Звали ее Чармиан, но всем она была известна как Чарли или же Красная Чарли — прозвище, которым она была обязана не только цвету волос, но и несколько безрассудному радикализму убеждений — следствию ее обеспокоенности тем, что происходит в мире, и желания искоренить царящее в нем зло. Ее видели в шумной компании молодых английских актеров, живших в хижине-развалюхе в двух шагах от моря и спускавшихся оттуда на пляж, — сплоченная стайка обросших и лохматых юнцов, дружная семейка. Получить в свое распоряжение эту хижину, да и вообще очутиться на острове было для них настоящим чудом, но актеры — народ к чудесам привычный. Облагодетельствовала же их какая-то одна контора в Сити, с некоторых пор пристрастившаяся оказывать поддержку странствующим актерам. По окончании турне по провинции несколько основных актеров труппы с удивлением услышали предложение отдохнуть и поправить свое здоровье за счет фирмы. Чартерным рейсом их переправили на остров, где их ожидала гостеприимная хижина и прожиточный минимум, покрываемый за счет продления их скромного контракта. Это было щедростью невиданной, неслыханной и неожиданной.

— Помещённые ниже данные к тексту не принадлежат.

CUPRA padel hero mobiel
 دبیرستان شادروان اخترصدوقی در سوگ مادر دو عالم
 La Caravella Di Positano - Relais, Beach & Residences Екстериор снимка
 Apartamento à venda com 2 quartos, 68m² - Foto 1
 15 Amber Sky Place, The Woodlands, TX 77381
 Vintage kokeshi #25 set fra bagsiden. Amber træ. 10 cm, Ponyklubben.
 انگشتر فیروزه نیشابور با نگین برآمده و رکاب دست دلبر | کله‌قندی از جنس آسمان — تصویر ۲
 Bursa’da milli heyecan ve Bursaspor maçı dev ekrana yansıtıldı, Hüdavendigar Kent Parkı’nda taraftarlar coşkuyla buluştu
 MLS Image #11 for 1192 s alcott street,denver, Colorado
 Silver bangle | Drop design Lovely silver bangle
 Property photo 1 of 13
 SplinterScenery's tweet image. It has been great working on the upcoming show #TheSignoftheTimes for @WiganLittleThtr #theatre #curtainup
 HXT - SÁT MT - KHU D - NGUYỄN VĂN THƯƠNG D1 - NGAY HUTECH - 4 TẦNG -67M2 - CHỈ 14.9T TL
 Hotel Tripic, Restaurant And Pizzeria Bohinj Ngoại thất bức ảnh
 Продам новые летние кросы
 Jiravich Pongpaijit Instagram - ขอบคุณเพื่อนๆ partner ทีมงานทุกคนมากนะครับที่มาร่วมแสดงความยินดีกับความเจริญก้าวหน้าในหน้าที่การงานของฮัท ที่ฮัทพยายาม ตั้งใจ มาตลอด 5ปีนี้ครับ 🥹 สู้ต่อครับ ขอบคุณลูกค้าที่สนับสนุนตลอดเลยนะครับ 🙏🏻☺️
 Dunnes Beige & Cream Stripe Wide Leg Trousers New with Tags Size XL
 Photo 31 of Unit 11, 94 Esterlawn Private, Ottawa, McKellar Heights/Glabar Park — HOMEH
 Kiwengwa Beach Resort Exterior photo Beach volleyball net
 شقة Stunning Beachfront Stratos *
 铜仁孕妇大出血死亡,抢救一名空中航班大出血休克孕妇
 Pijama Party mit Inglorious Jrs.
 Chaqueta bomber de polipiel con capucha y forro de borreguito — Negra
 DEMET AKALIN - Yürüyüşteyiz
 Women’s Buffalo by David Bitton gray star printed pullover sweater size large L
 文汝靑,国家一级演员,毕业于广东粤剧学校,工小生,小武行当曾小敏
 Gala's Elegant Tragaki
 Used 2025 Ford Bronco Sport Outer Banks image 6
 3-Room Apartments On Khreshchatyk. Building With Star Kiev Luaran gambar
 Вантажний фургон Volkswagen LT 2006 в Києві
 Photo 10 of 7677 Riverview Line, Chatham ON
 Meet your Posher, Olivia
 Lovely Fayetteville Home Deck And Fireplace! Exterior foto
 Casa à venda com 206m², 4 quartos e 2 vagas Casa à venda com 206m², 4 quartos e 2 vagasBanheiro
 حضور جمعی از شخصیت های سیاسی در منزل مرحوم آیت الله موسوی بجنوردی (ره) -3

Обсудив все, они решили, что лишь свиньи-фашисты способны на такое самоотверженное великодушие, после чего начисто забыли о том, как они попали сюда. Лишь изредка то один, то другой, поднимая стакан, заплетающимся языком хмуро и нехотя провозглашал здравицу облагодетельствовавшей их фирме.

Чарли никак нельзя было назвать самой хорошенькой в их компании, хотя в чертах ее угадывалась явная сексуальность, равно как и неистощимая доброта, столь же явная. несмотря на внешнюю суровость. Тупица Люси — вот та была сногсшибательна. Чарли же по общепринятым меркам была даже некрасива: крупный длинный нос, уже потрепанное лицо казалось то почти детским, то, минуту спустя, вдруг таким старым и скорбным, что оставалось лишь уповать, чтобы будущее не прибавило к ее жизненному опыту новых разочарований. Порою она была их приемышем, порою — заботливой мамашей, казначейшей, хранительницей и распорядительницей мази от комаров и пластырей от порезов. В этой роли, как и во всех прочих, она была само великодушие, сама компетентность. А часто, становясь их совестью, она обрушивалась на своих товарищей за их грехи, подлинные и мнимые, и обвиняла в шовинизме, сексуальной распущенности, истинно западной апатичности. Право на это давала ее «культура», поднимавшая, как они сами не раз признавались, и их на ступеньку выше. Чарли получила образование в частной школе и была как-никак дочерью биржевого маклера, хоть и окончившего свои дни за решеткой по обвинению в мошенничестве, — прискорбный финал, о котором она время от времени им напоминала, и все же культура в человеке всегда скажется.

Но самое главное: она была общепризнанной премьершей. Когда по вечерам актеры, нацепив соломенные шляпы и завернувшись в пляжные халаты, разыгрывали в своем кругу небольшие пьески, именно Чарли, если снисходила до этого, была неподражаема. Если они собирались, чтобы попеть, то аккомпанировала на гитаре им Чарли, причем делала она это так хорошо, что гитара совершенно забивала их голоса; Чарли знала и песни протеста и великолепно исполняла их, сердито, по-мужски напористо. Иногда, хмурые, молчаливые, они собирались в кружок и, развалясь, курили марихуану и пили сухое вино по тридцать драхм за пол-литра. Все, но не Чарли, которая держалась в стороне с таким видом, словно давно выпила и выкурила положенную ей норму.

— Подождите, вот придет революция, — говорила она с ленивой угрозой, — тогда, голубчики, вы у меня попляшете, поработаете ни свет ни заря на турнепсовых грядках.